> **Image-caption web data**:
□ □ □ □ □
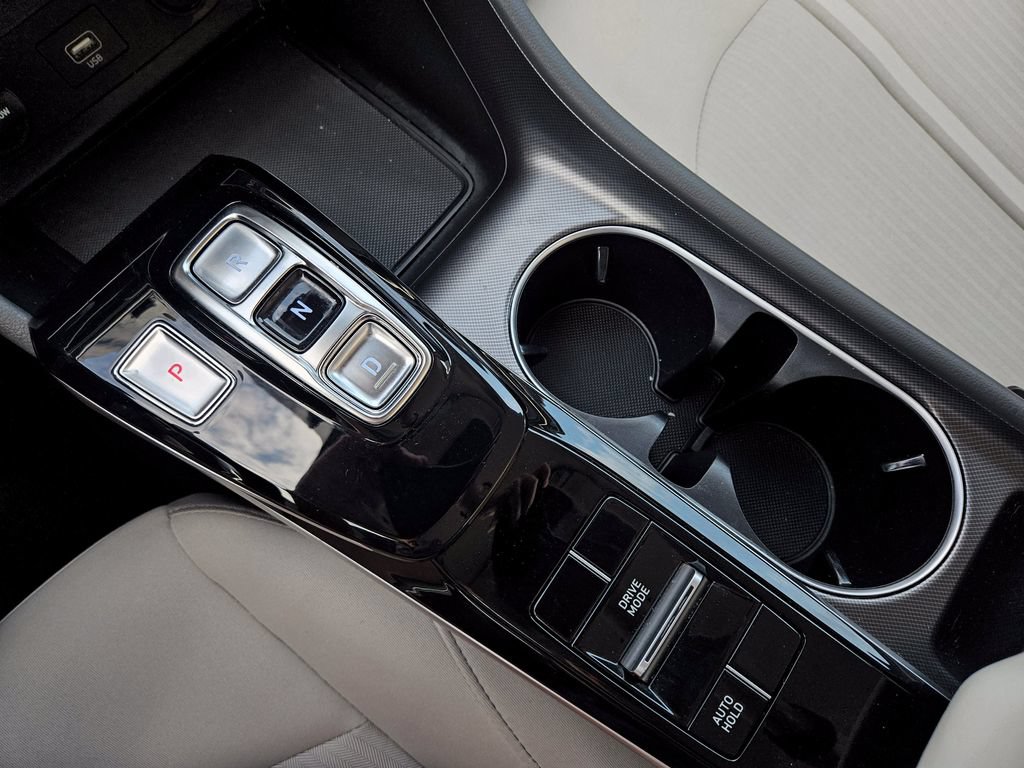 Used 2023 Hyundai Sonata SE FWD image 15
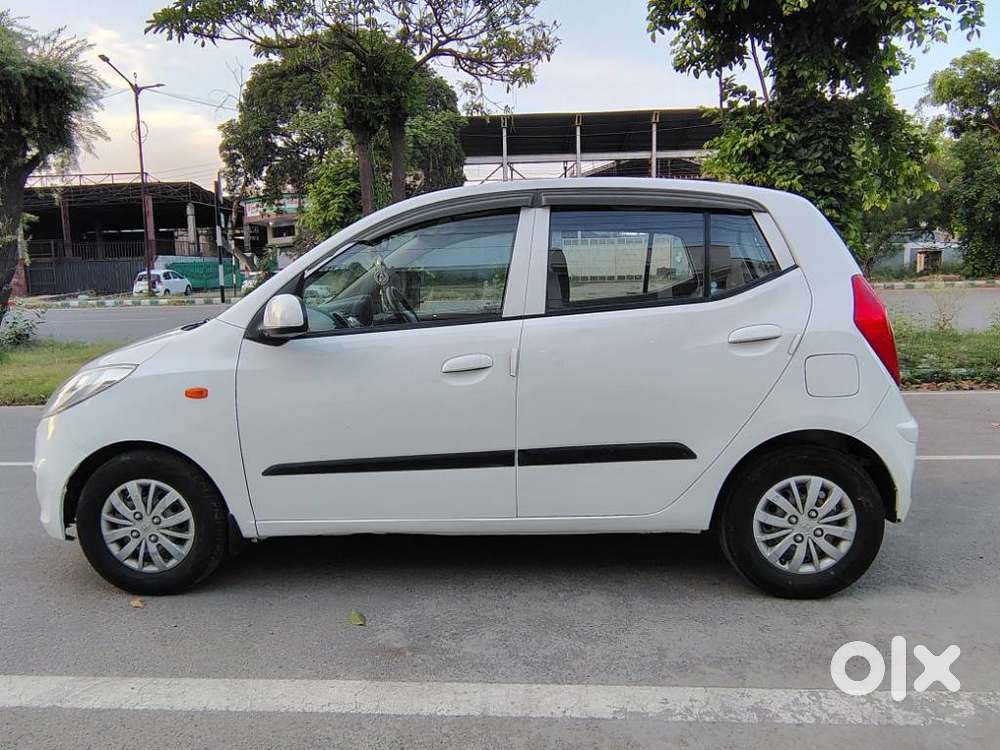 Hyundai I10 Sportz, 2015, Petrol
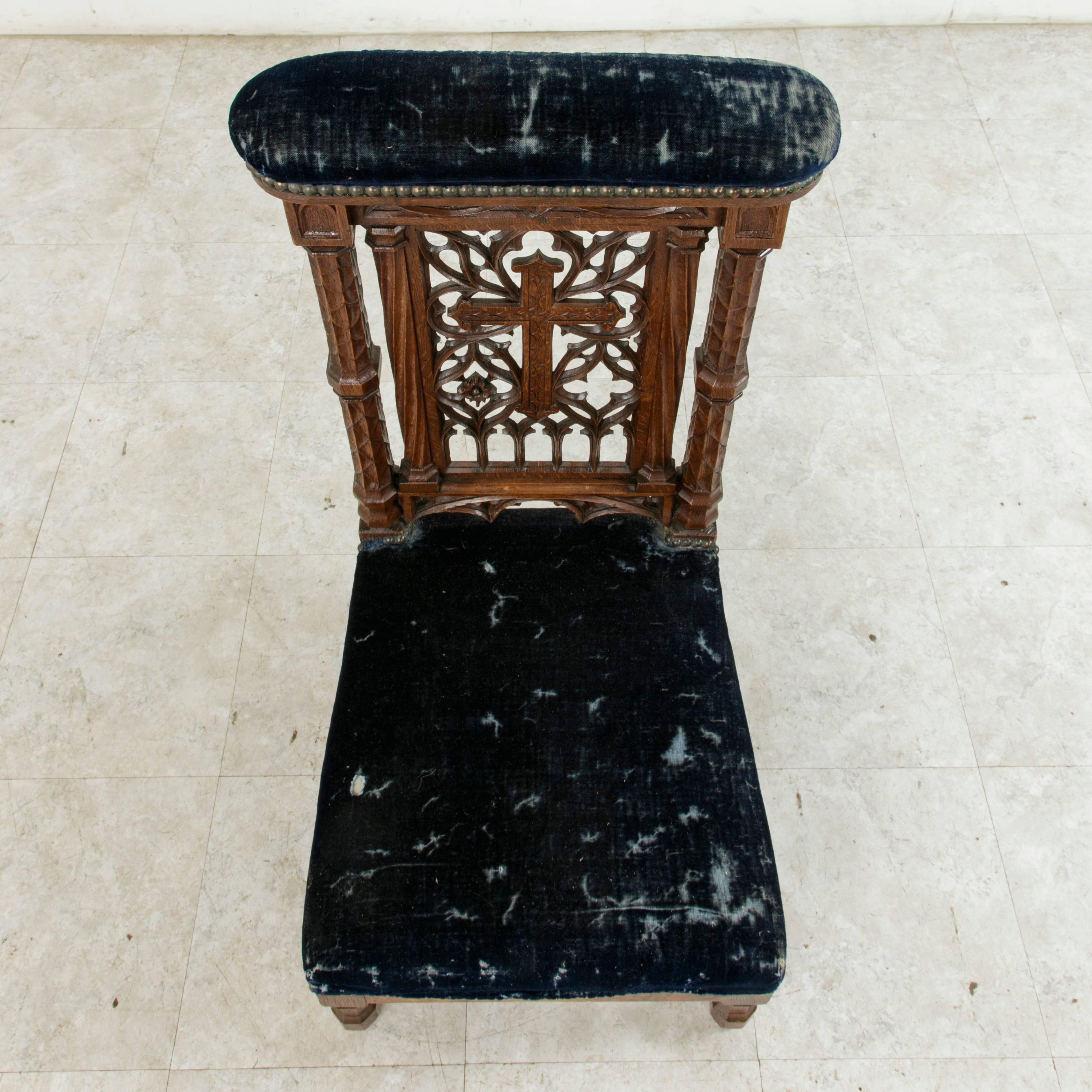Late 19th Century French Hand-Carved Oak Prie-Dieu or Prayer Chair with Cross 3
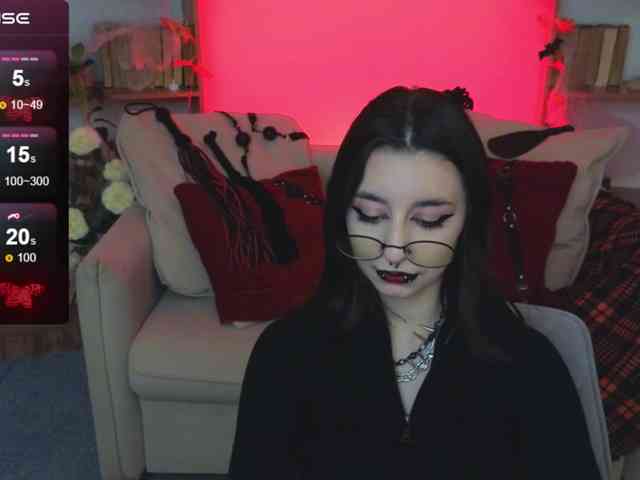 MistressMarcelline webcam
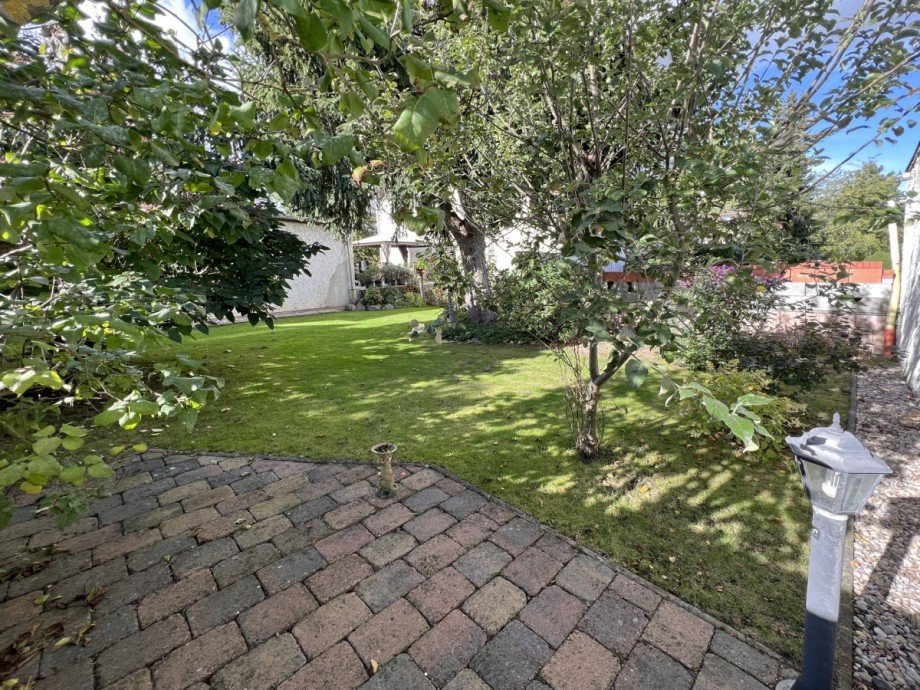 Gartenbereich Mehrfamilienhaus Berlin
□ □ □ □ □
> **WHAT TO PRODUCE**:
Give back the records word for word, without their pictures.

> **SOLUTION**:
 Used 2023 Hyundai Sonata SE FWD image 15
 Hyundai I10 Sportz, 2015, Petrol
Late 19th Century French Hand-Carved Oak Prie-Dieu or Prayer Chair with Cross 3
 MistressMarcelline webcam
 Gartenbereich Mehrfamilienhaus Berlin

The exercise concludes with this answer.